Let's put this into a test setup: 20 meters distance (120 penetration vs 180 armor), flat terrain, only frontal shots possible, only actual hits counting. We count 50 hits, assuming that the players in the discussion above would have their last roughly 50 shots in mind when thinking about the engagements. We do 20 tests to form each player's experience.
Basic statistics tells us that the real penetration chance is 66.7%, meaning 50*(120/180) = 33.33 shots should penetrate with a standard deviation of 3.33 shots (10% of the mean in our case). This means that almost one third of the players discussing will have had the Sherman penetrate less than 30 times or more than ~37 times. One player will have had the experience of the Sherman hitting less than 27 times or more than 40 times and probably be screeching about the trash Sherman or saying it were OP.
Even if all discussion was fully rational (good luck with that), players will regularly report a penetration chance anywhere between less than 60-75%.
Funny side note: The skill level doesn't matter. This one player could be Luvnest or VonIvan, not just your level 2000 rando. Those 50 shots probably represent the last 5 games, which represents 3 hours of games or 1-2 evenings of playing CoH2 with this faction and this unit. This in turn means that it might all the experience you get for 1-2 weeks playing CoH2 if you also play all other factions equally. This one player, high skill or not, will say that the Sherman were OP or trash. And if they are known as a good player, their opinion will have a larger impact although it actually should not. And we can prove that with numbers.

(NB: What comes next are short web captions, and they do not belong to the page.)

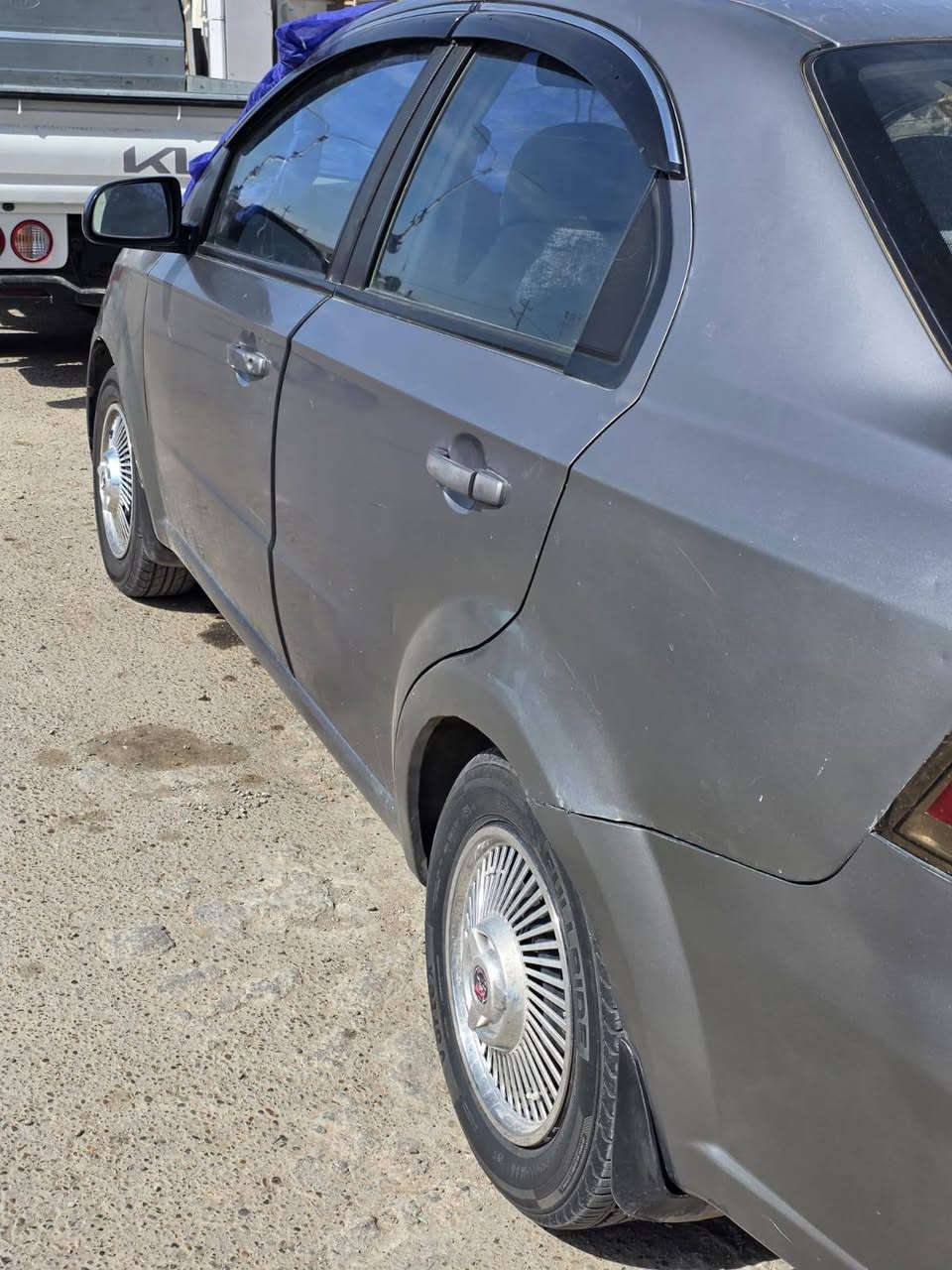 موديل ١٠
مصبوغه احزام 
كير مكينه مكفوله 
مسكر رقم بغداد 
تحويل مباشر 
تخم تاير 
***********
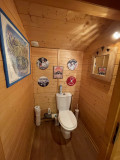 Chalet-bleu-toilettes-location-appartement-chalet-Les-Gets
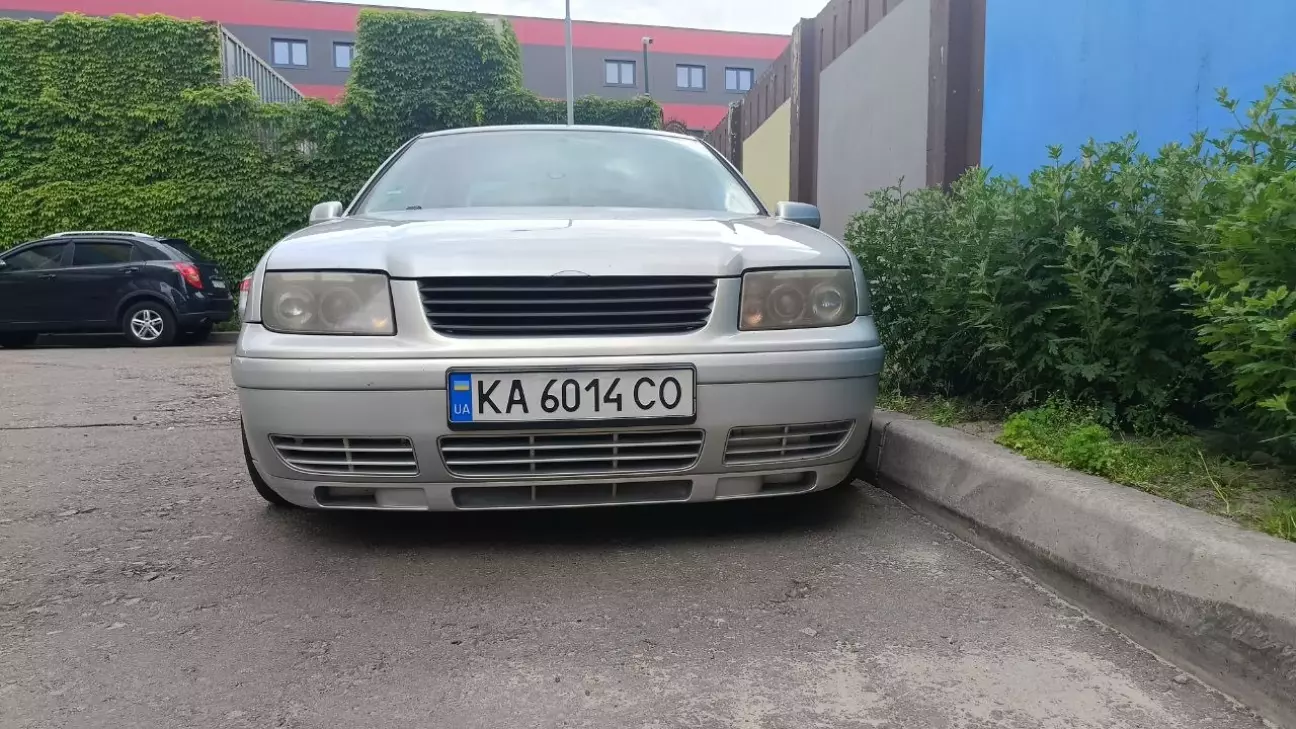 бо було ось так, жовто і мутно.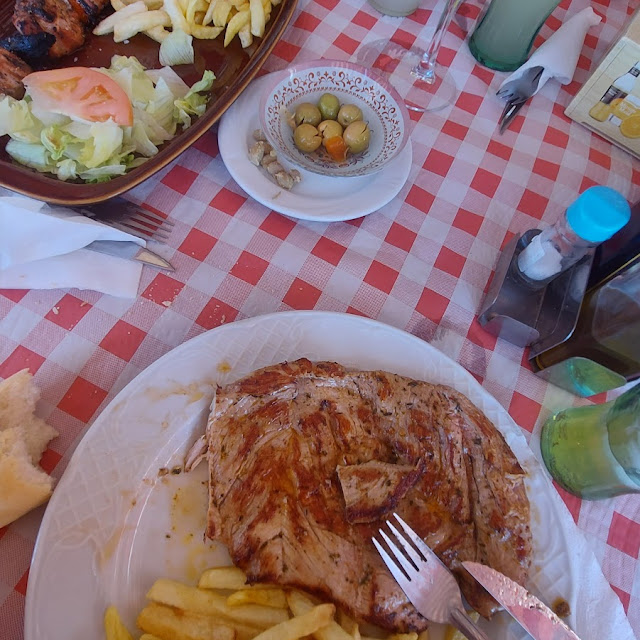 Sabrosón Con Patatas Fritas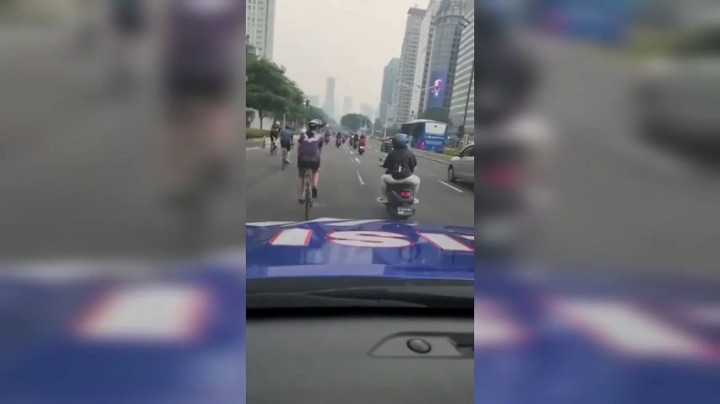 Polisi Tegur Rombongan Pesepeda yang Masuk Jalur Umum di Sudirman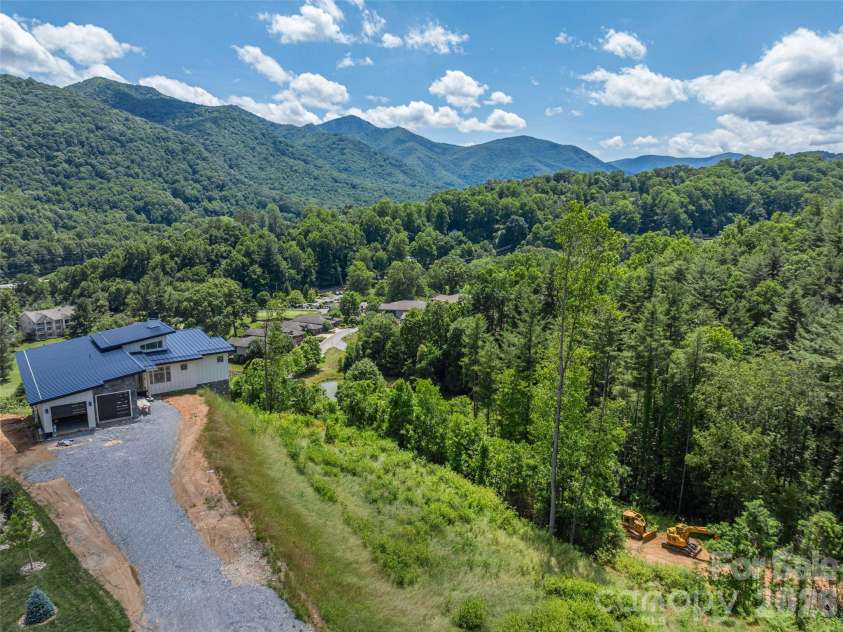 167 Southpoint Ridge, Maggie Valley, NC 28751.  MLS# CAR4398077, YatesRealty ID 33192. Gorgeous StoW near and long-range views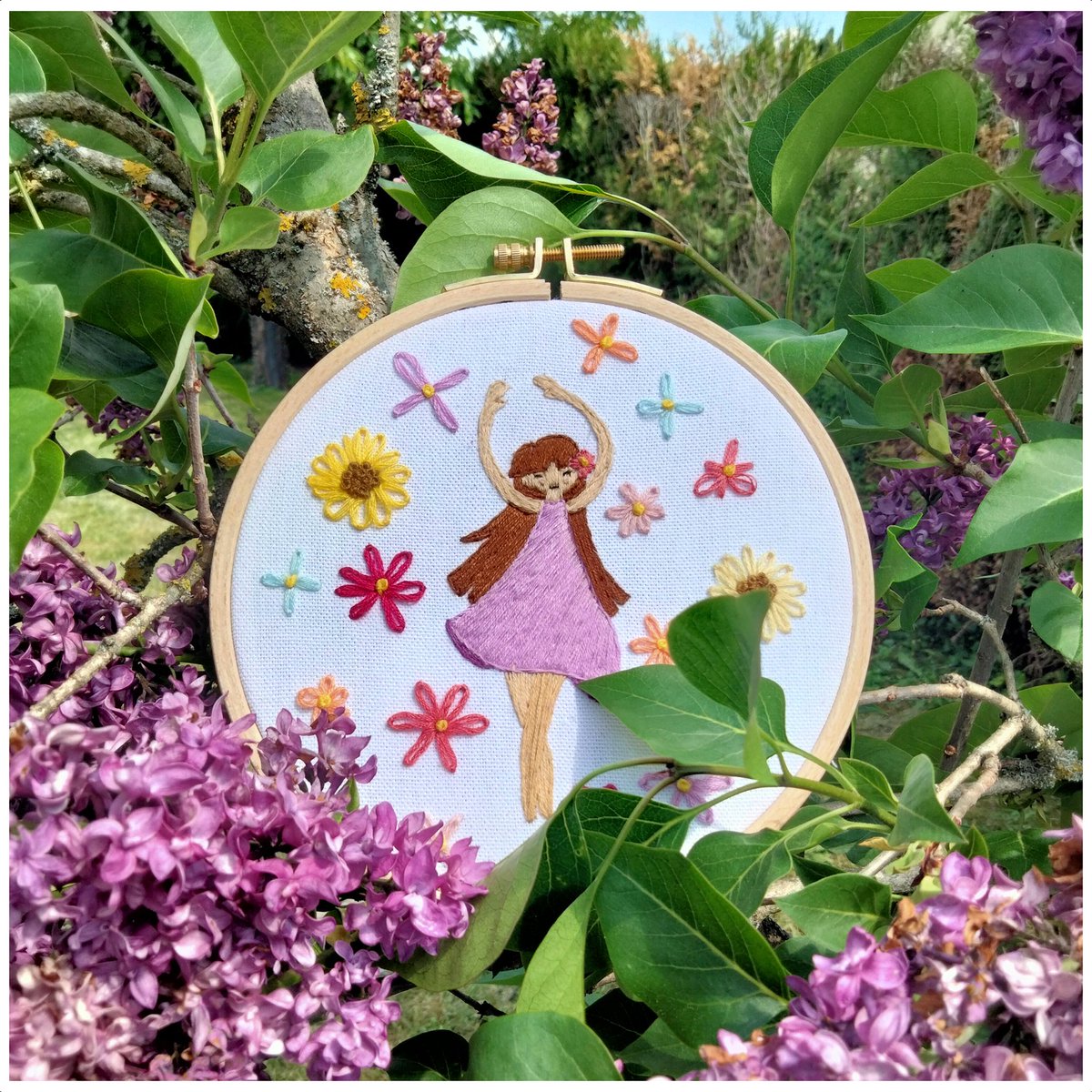 elisalbatross's tweet photo. La fille aux fleurs 🌸🌻🌺 https://t.co/OvTT4TAdUz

Back to topic: On top of that, all this assumes that this sample of players actually gets a "representative set of RNG". If I just hit refresh on the numbers, I regularly see that even all their "experience data" pooled together will both misjudge the real penetration value by a couple of %, as well as the standard deviation varying decently (often 7-13%, meaning players will either be more in agreement if it gets smaller or disagreement if it is larger). Is this huge? Not huge, but we've seen penetration and armor values being decreased by 10-20 regularly, which depending on shooter and target often lead to only a couple of percent penetration chance. So yes, we're still in the range of actual balance discussions being influenced by RNG.
If you want a really reliable discussion where the values only vary by a one or two percent, you'd need 100 players. That would be 5 pages on this forum if everyone just states their experience, no discussion involved yet. And don't forget: Everyone just tested the test setup, there still is no variation due to a real game.